▸ **Supplied data**:
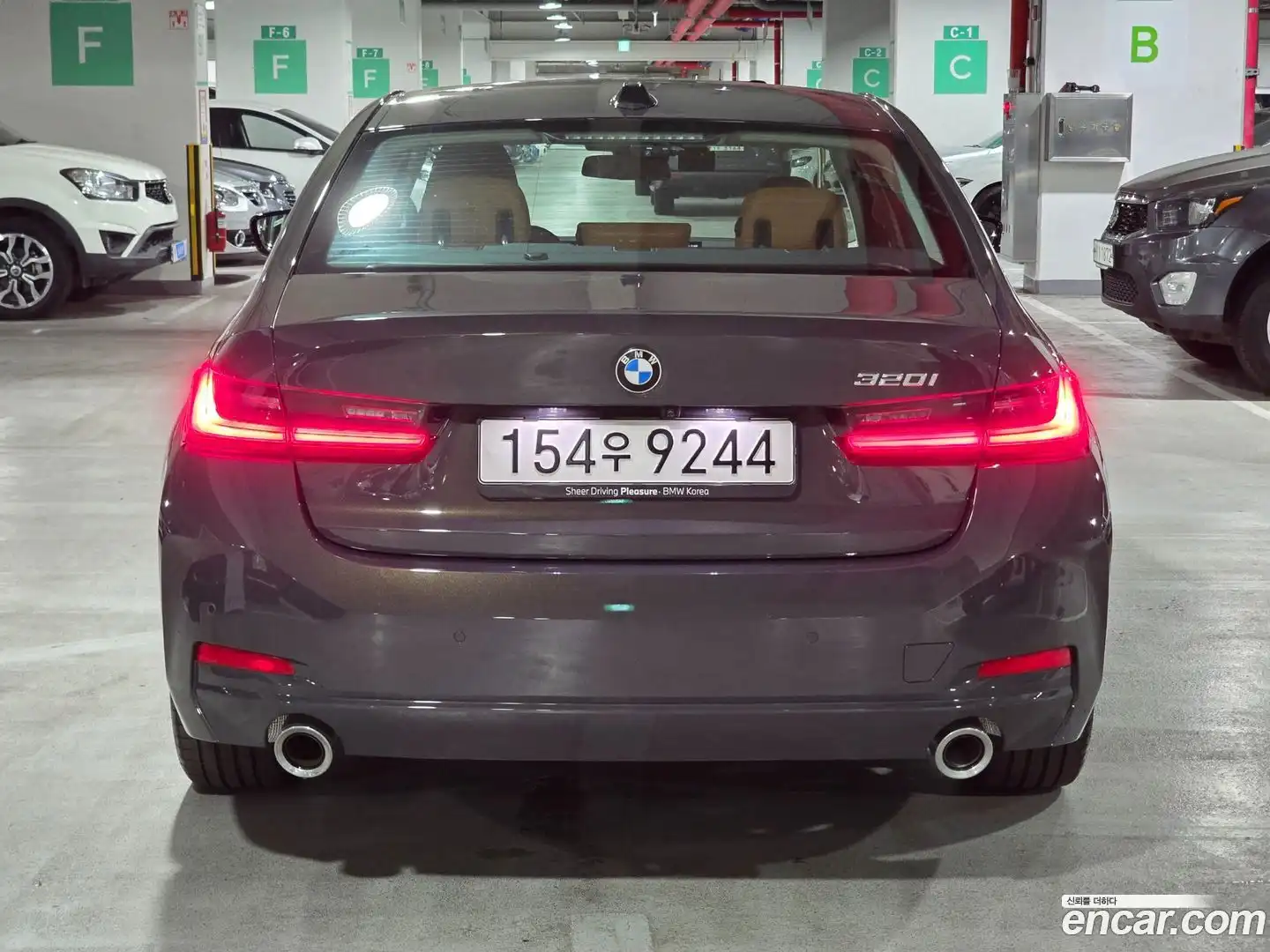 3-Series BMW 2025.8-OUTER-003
--
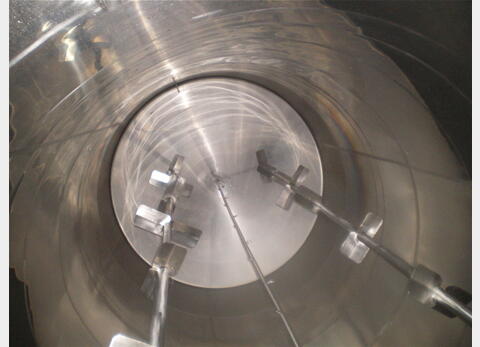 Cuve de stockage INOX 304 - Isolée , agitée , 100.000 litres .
==
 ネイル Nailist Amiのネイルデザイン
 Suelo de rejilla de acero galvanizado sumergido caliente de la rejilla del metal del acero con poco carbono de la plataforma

▸ **To do**: Your task is to transcribe, with no changes, only the lines of the listing above that lie between the line holding "ネイル Nailist Amiのネイルデザイン" and the line holding "Suelo de rejilla", inclusive.

▸ **Result for this exercise**:
 ネイル Nailist Amiのネイルデザイン
 Suelo de rejilla de acero galvanizado sumergido caliente de la rejilla del metal del acero con poco carbono de la plataforma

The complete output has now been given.